Effects of Acid of Flavor

So how exactly does acid effect flavor? It all starts in the mouth! Think about drinking some delicious lemonade or sucking on a sour candy. What does your mouth do? It salivates. Out of five basic tastes, sour makes our mouths salivate the most. Why? Saliva actually balances out the acidity to avoid damage to our teeth. But the cooler thing is the more saliva that your mouth creates, the deeper the connection your mind makes to how delicious you believe the food is.

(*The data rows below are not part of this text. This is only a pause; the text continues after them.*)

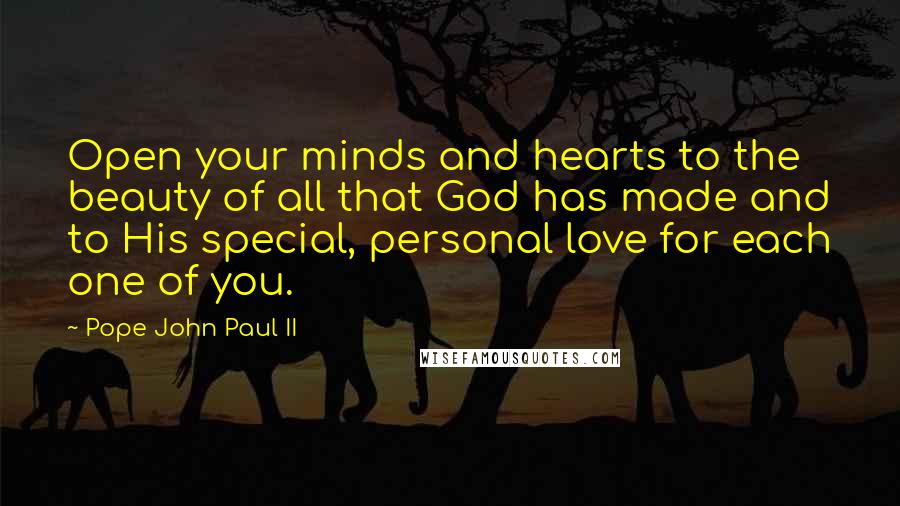 Pope John Paul II Quotes: Open your minds and hearts to the beauty of all that God has made and to His special, personal love for each one of you.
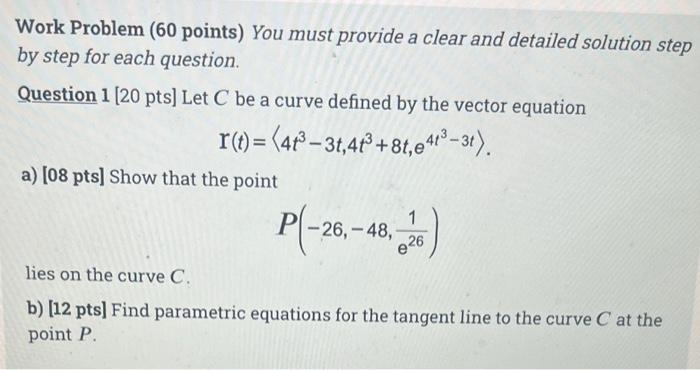 Solved Work Problem (60 points) You must provide a clear and | Chegg.com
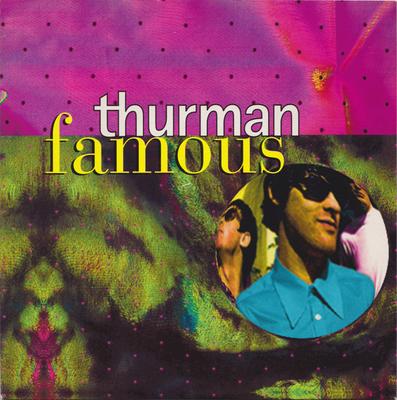 7inch Record THURMAN - Famous RIGHT003 Righteous Recor 1995 UK Rock Used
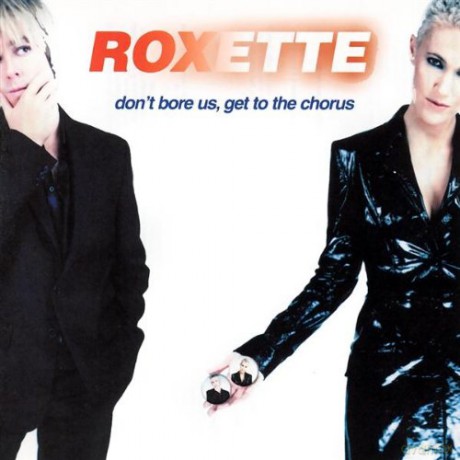 Roxette: Don't Bore Us Get to the Chorus [CD]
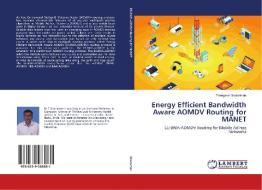 Energy Efficient Bandwidth Aware AOMDV Routing for MANET di Thangavel Sivaraman edito da LAP LAMBERT Academic Publishing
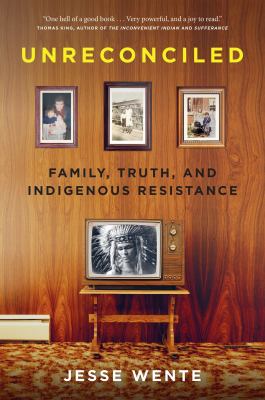 Unreconciled : family, truth, and Indigenous resistance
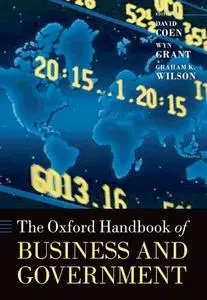 The Oxford Handbook of Business and Government (Oxford Handbooks in Business & Management)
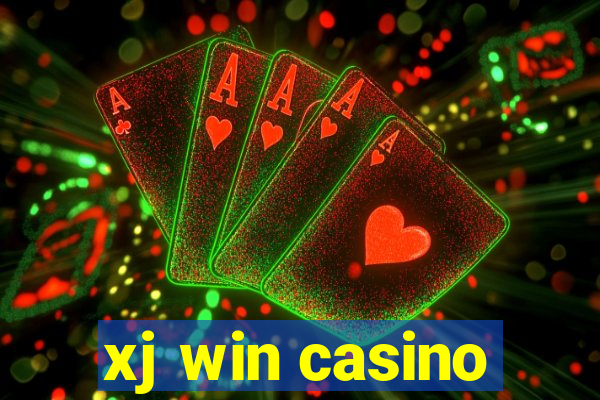 xj win casino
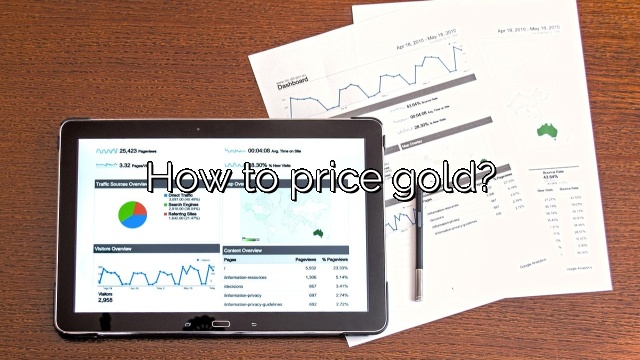 How to price gold?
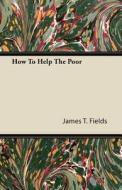 How To Help The Poor di James T. Fields edito da Kirk Press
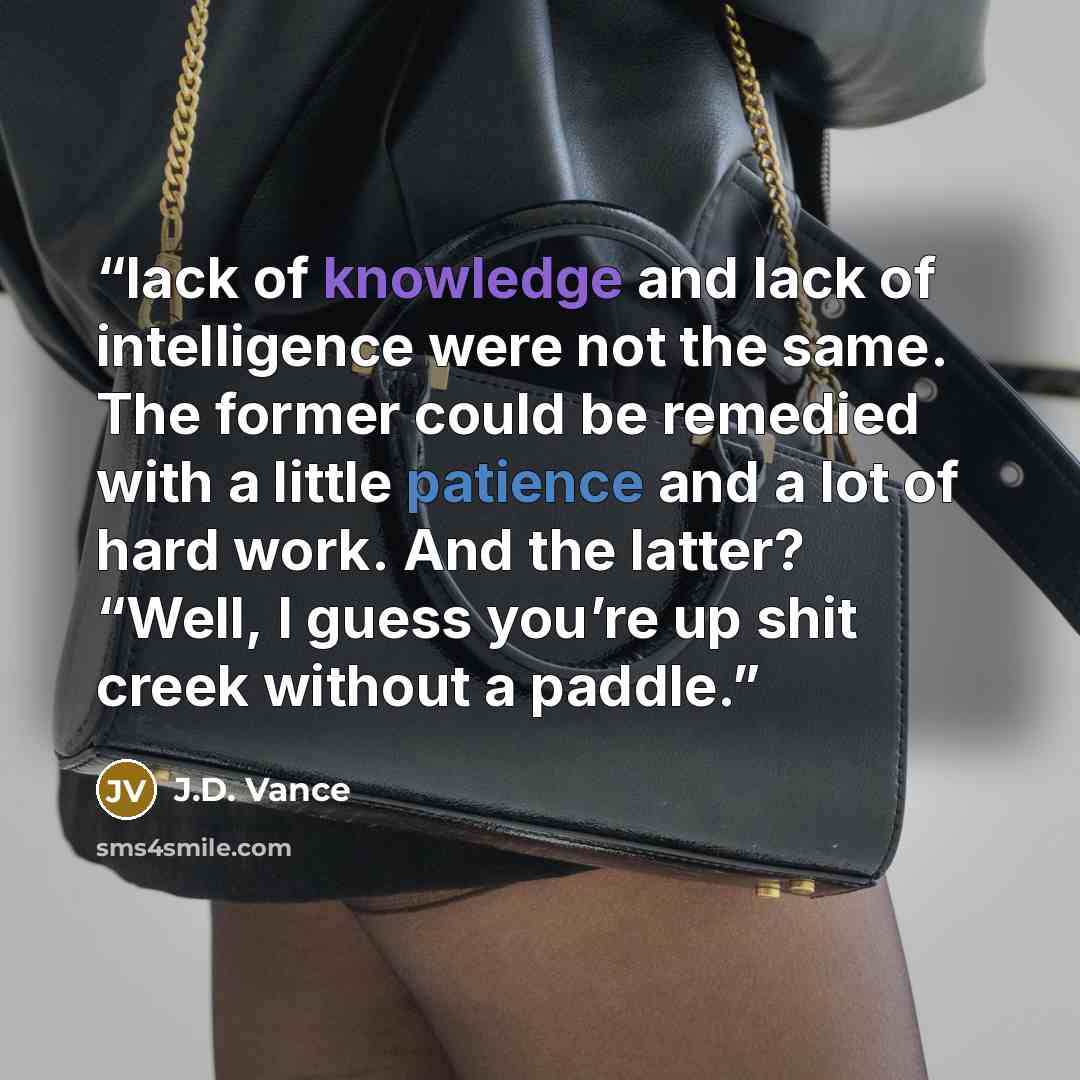 “lack of knowledge and lack of intelligence were not the same. The former could be remedied with a little patience and a lot of hard work. And the latter? “Well, I guess you’re up shit creek without a paddle.” quote by J.D. Vance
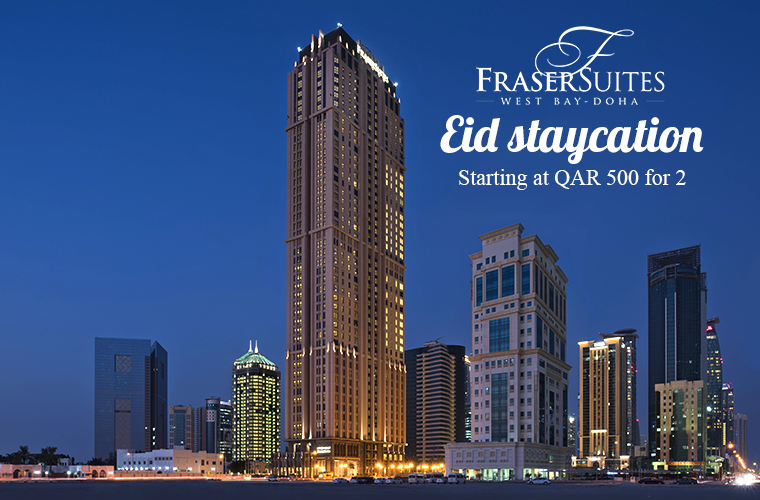 Ramadan Staycation offer at Fraser Suites West Bay- Doha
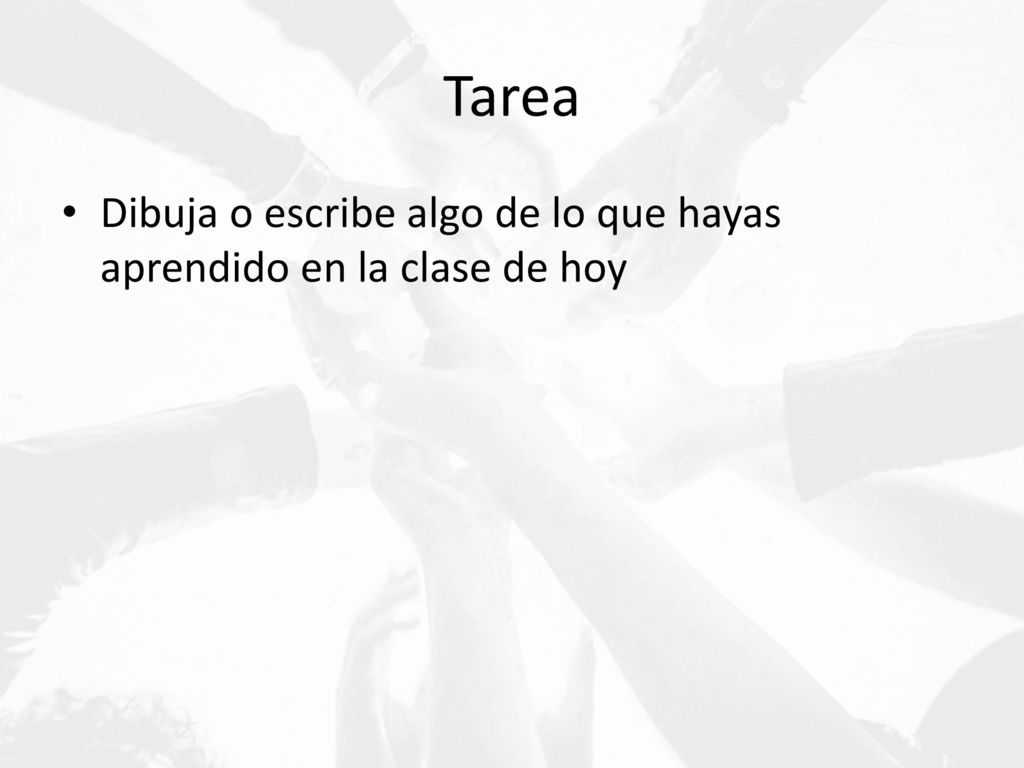 Tarea Dibuja o escribe algo de lo que hayas aprendido en la clase de hoy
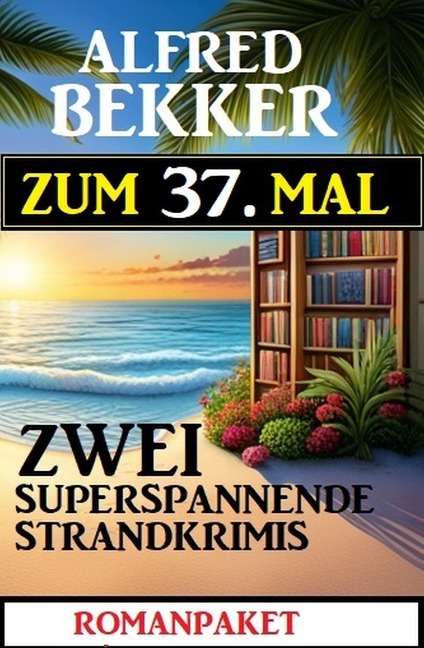 Zum 37. Mal zwei superspannende Strandkrimis - Alfred Bekker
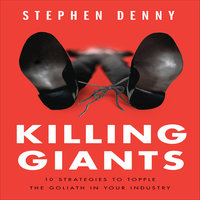 Killing Giants: 10 Strategies to Topple the Goliath in Your Industry - Stephen Denny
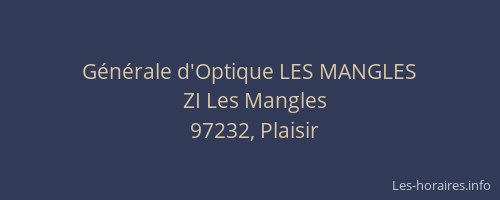 G&eacute;n&eacute;rale d'Optique LES MANGLES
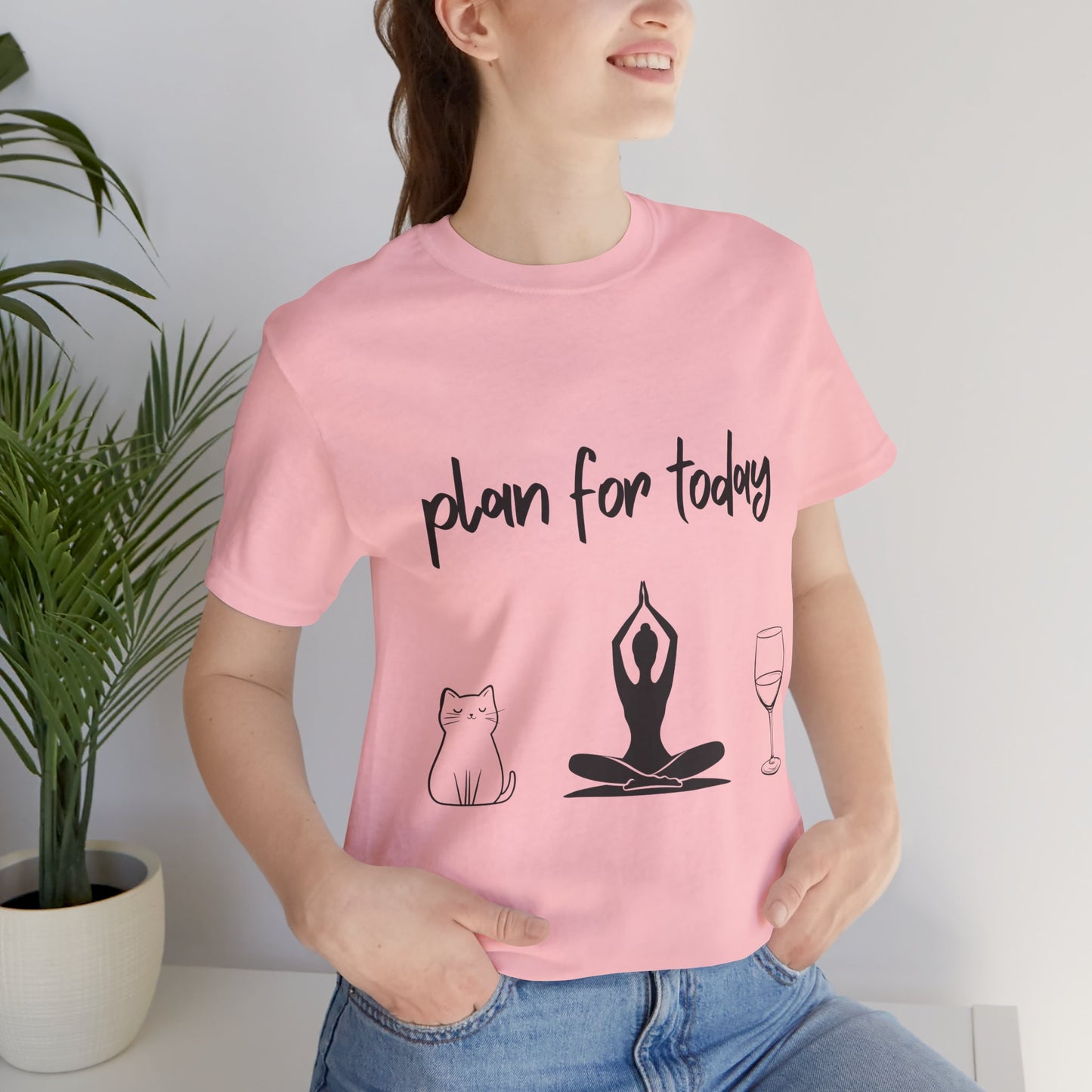 "Plan For Today" Unisex Tee I Relaxation T-Shirt I Cat & Wine Lover Gift I Yoga Humor Tee I Self-Care Meditation Apparel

If you have watched any cooking shows, you will know that often the competitors will know exactly what they need to add their meals after tasting it as they go; they often add salt to enhance flavors, but they will add some type of acid to balance the flavors. Alone, acid isn’t delicious. Not many people enjoy drinking vinegar or sucking on a lemon as a source of food, but when you layer acid with the other tastes like sweet, salty, and savory, acid creates the balance that is needed to heighten the flavor of the foods.


Now Let’s Apply!

What is the best way to learn about how acid works in food? Application! Let’s make carne asada tacos. You will start with a tortilla, then layer down your carne asada, then pickled onions, other toppings like queso fresco, hot sauce, and top it off with fresh lime juice. How does acid play a part in these layers?


Carne asada

Depending on the type of cut of meat and what type of meat (red meat, poultry, or seafood), there are more connective tissues, collogen, and protein strands within the cut. Meats like carne asada have lots of coiled up protein strands that can become tougher when cooked with high heats; to avoid that, we want to denature, or loosen, the strands with acid (often both citrus and vinegar). When you denature protein, you tenderize the meat, that way when you add heat to the meat, you don’t create a tough piece of meat to ruin your taco. This process is often called marinating. The longer the marinating process is, the more flavor you infuse into the cut of meat and the more tender your cut of meat will become by the time you add heat to cook.


Pickled red onions

Acids like vinegar play a major role when you pickle ingredients like red onions. Pickling is the “process of preserving or extending the shelf life of food by either anaerobic fermentation in brine or immersion in vinegar”. Vinegar helps red and purple produce retain their colors while they destroy bright green colors to create dull browns; so, when you pickle red onions with hot vinegar, your onions become a more vibrant red/purple color after you are done pickling. Acid doesn’t just change the color, but also the texture of foods as well. So, the onions go from crunchy to soft and tender after being pickled with vinegars.


Queso fresco

Though queso fresco is about a 6.7 on the pH level after it is made, it is still less than 7 on the pH scale, making it an acidic food. But it’s the process on how to make homemade queso fresco that acids really play a major role. To make queso fresco you need: whole milk, white vinegar, apple cider vinegar, and salt. Those vinegars are what break up the milk proteins to become curds and whey. You drain the whey through a cheesecloth and keep those curds. Those curds then are molded together to create the disc of cheese that you know of when you think of cheeses.


Hot sauce

Hot sauce can be considered spicy first, but when you really think about it, what is hot sauce made from? Fermented peppers (chili, jalapeño, etc.), salt, garlic, water, and a type of vinegar. That vinegar is the acid to balance the heat from the peppers, and the process of fermentation furthers that process of acidity.


The final bite

Though acid played a role in most of our taco ingredient layers, when you take a bite of your taco, your face doesn’t create that classic sour face. That’s because you used acid properly to balance your other ingredients and flavors, and not over powering the other tastes; that’s the key of making yummy food- know how to use acids properly to enhance your experience.